I’ve always said: “Happiness is a warm, fluffy, buttermilk biscuit!”

Actually, that’s a lie – I’ve never said that before. But, I have felt that sentiment deep down in my heart for a very long time, and NOW I’m saying it… and I mean it! Seriously, a buttermilk biscuit is a beautiful, wonderful thing, especially when it’s fresh from the oven and slathered in butter. Part of the beauty of a buttermilk biscuit is that you can dress it up in millions of ways. Add cheese! Pop it on top of a chicken pot pie! Slice it in half and use it to sandwich a delicious piece of fried chicken!

(Stop drooling on your keyboard. It’s unsightly.)

ANYWAYS. When I was brainstorming some menu ideas for a wedding shower I was helping to throw, I knew I wanted to make a biscuit sandwich of some sort. A biscuit sandwich fulfills many of the requirements for food at a brunch: it’s dainty, it’s cute, it’s carb-y to soak up all the mimosas in your stomach. I wanted to add a couple other elements, too – something Italian (I met the bride while working in her dad’s Italian bakery nearly 20 years ago), something cheesy (please tell me I don’t need to explain the need for cheese?), and something to give it a real savory/spicy edge. Mission accomplished!
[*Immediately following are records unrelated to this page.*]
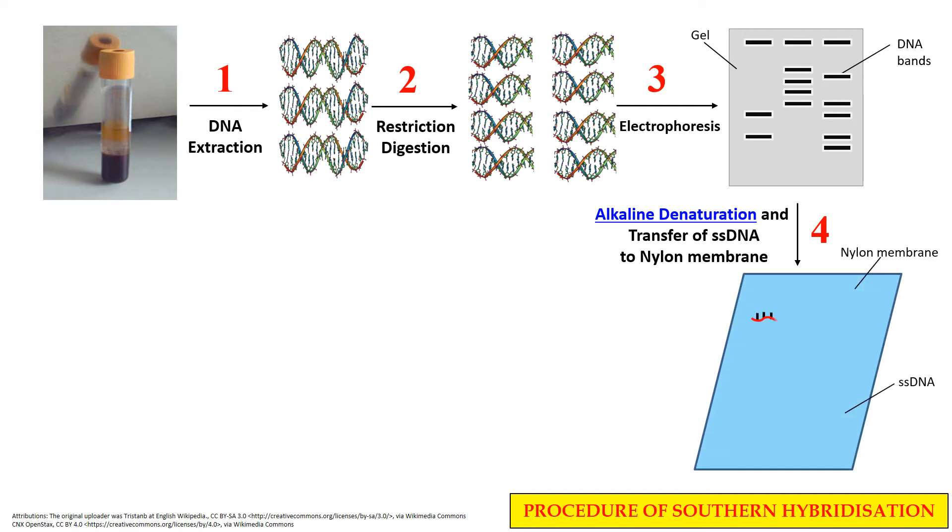Now these single stranded DNA fragments are transferred to the nylon membrane, which is the blotting step — that is why it is also known as Southern Blotting. So these single stranded DNA molecules are now transferred to the nylon membrane.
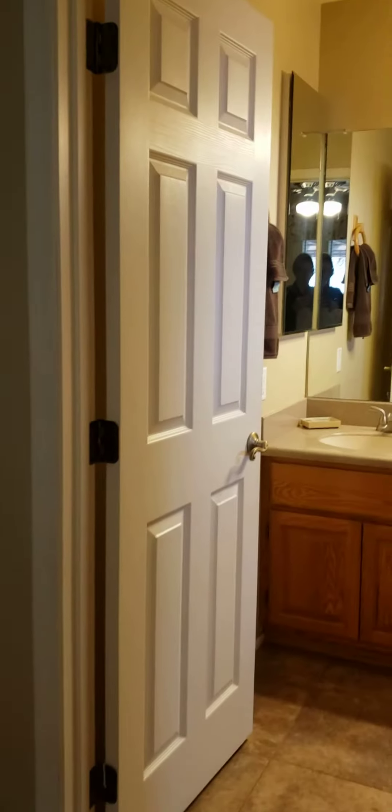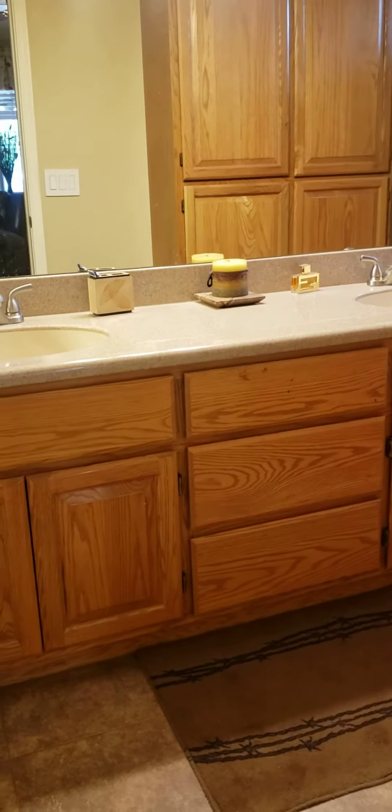You've got two closets here and this is the master vanity. Again you've got the Durastone seamless sinks, oak cabinets, and really nice linen storage.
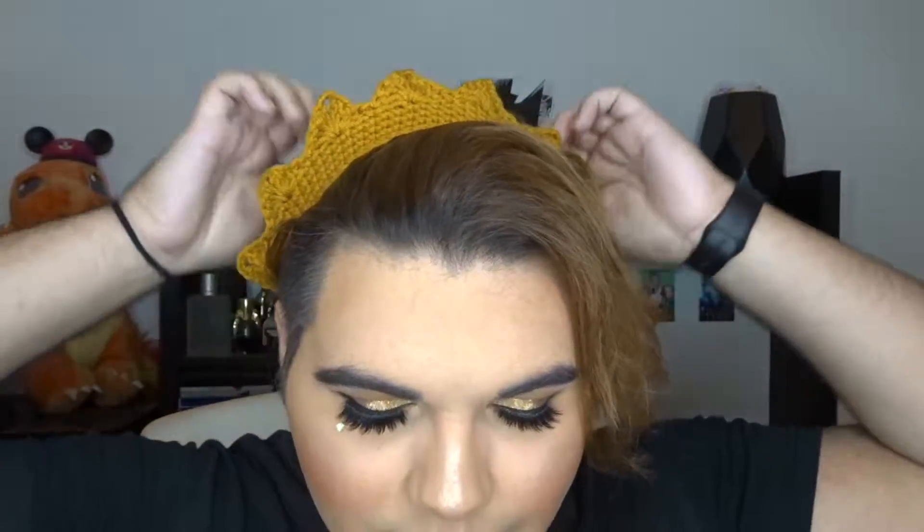I also have to give a huge shout-out to the Wet and Wild shimmer liquid eyeshadow in Rich Witch — that is the gold you see on the lid and it's beautiful, it stays forever. There's a little bit of fallout when you first use it, but after wearing this look for 10 plus hours there was only a little bit of fading. I also want to do a cover of 'What's the Use of Feeling Blue' but I can never find a good instrumental or MIDI track for it.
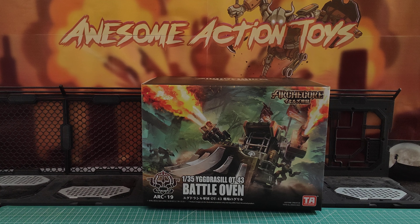Welcome back, awesome action toy fans and subscribers. It is ArchiCore time. We have the Battle Oven, which is a very amusing, unusual name — a sort of tank, bulldozer tank with gun arms is what it looks like. At 1:35 scale.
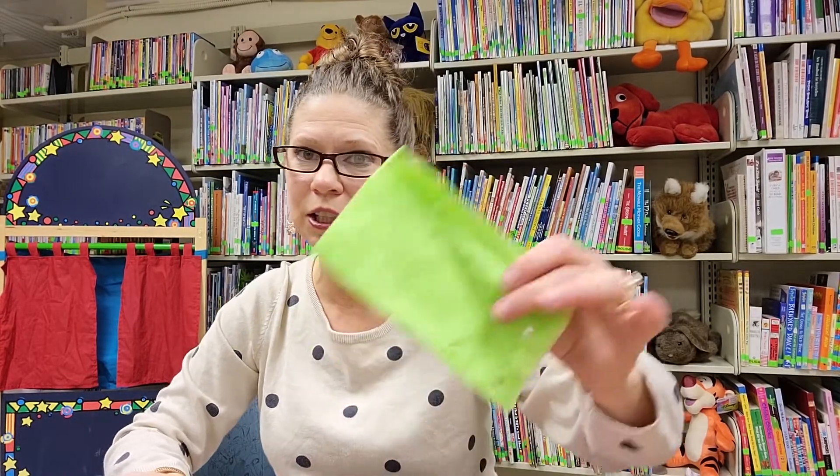Y'all want to join in with me? I have toilet paper rolls, some markers, some scrap paper — tissue works well — a balloon, duct tape, a hole punch, and scissors.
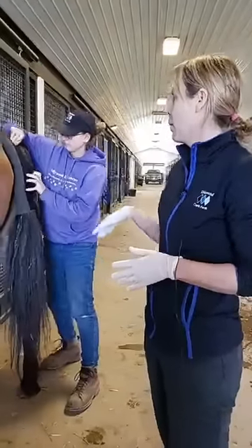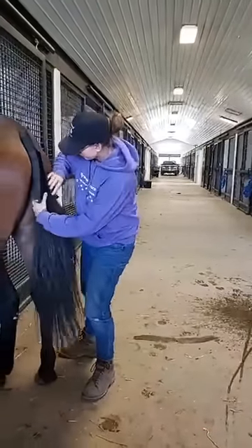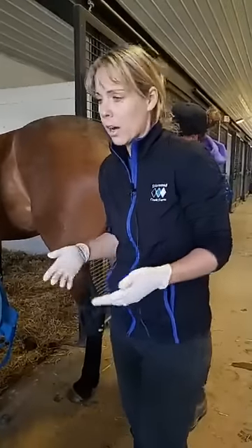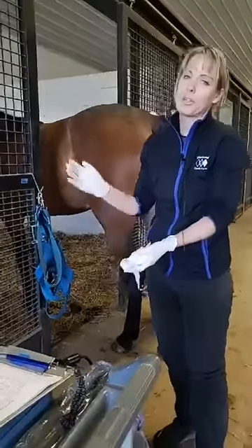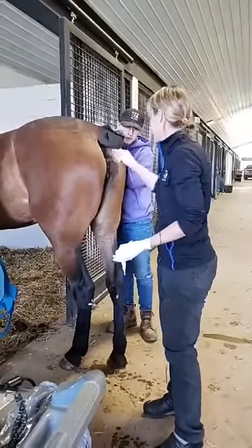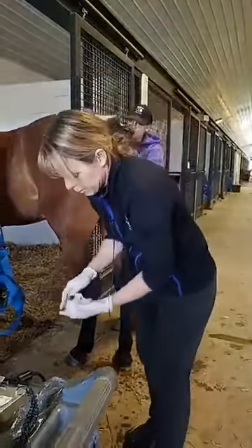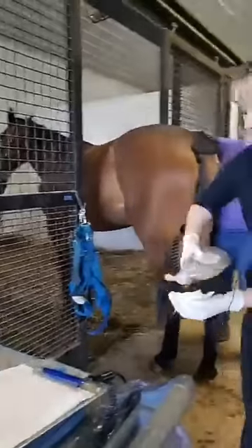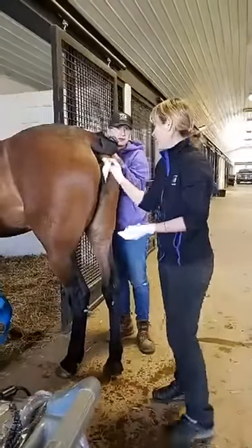Right now we're putting on a tail wrap to keep all the tail hair away from the vulva, and then we'll get ready to wash her. This is different than the stallions — with stallions we just washed with water and cotton. Here I use ivory soap. It's really gentle on the mares, and if we happen to drag a smidge of it in, it's not detrimental to the sperm. So I'm just going to clean her up — first a little wipe to get some of the excess debris off, and then we're going to wash the vulva with ivory soap.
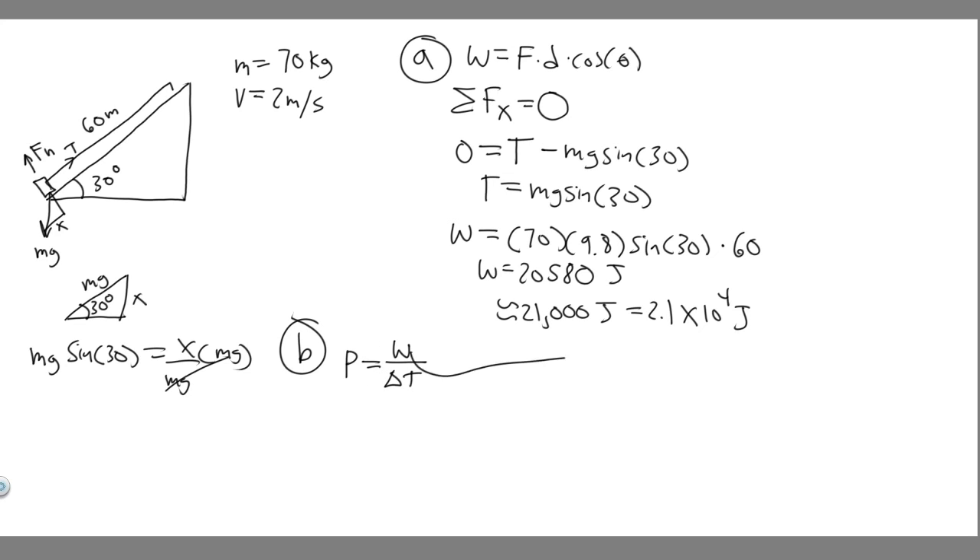We know distance equals velocity times time, so time equals distance divided by velocity. That means power equals work divided by (distance / velocity), which simplifies to power equals work times velocity divided by distance. The time would be 30 seconds, but it's easier to use this formula directly. So we plug in: power = (work × velocity) / distance.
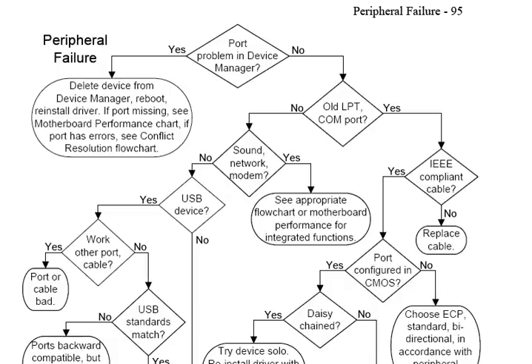Hi, I'm Morris Rosenthal from FonerBooks.com, and this is the Peripheral Failure Flowchart out of the revised edition of my book, Computer Repair with Diagnostic Flowcharts.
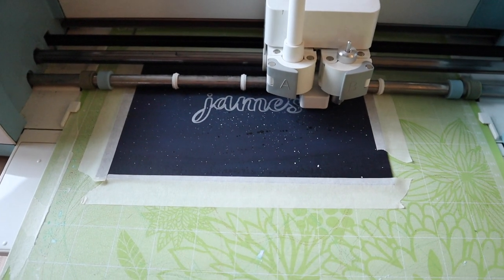Now I'm going to cut out the last piece and then start piecing this together on my wall, just so I can see how it's going to fit and then decide how I want to do the background for the black pieces. We figured it out.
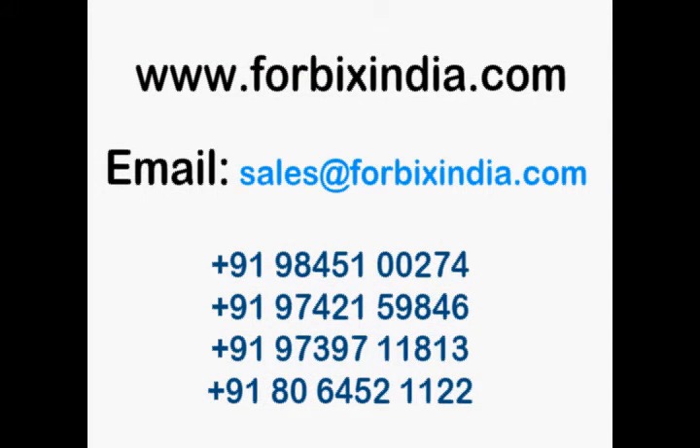Thank you for watching this video. To place an order or to know more about wireless alarm systems, visit our website www.4bixindia.com or call at the numbers shown.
Gruyere and Black Pepper Biscuit Sandwiches (with Strawberry Balsamic Jam)

Gruyere and Black Pepper Biscuit Sandwiches (with Strawberry Balsamic Jam)
makes about 16 petite sandwiches, with jam left over

For the jam:
1 pound strawberries, rinsed, hulled and quartered
1 cup brown sugar
2 T water
1/4 cup balsamic vinegar (white, if you have it)
a healthy pinch of kosher salt

For the biscuits:
3 cups all-purpose flour
3 t baking powder
1/2 t baking soda
generous 1/2 t kosher salt
3/4 t coarsely ground black pepper
8 T butter, super cold, and cut into cubes
2 oz gruyere cheese, grated (about 1/2 cup)
1 1/2 cups cold buttermilk

For the sandwiches:
16 thin slices of prosciutto
arugula

Gruyere and Black Pepper Biscuit Sandwiches (with Strawberry Balsamic Jam)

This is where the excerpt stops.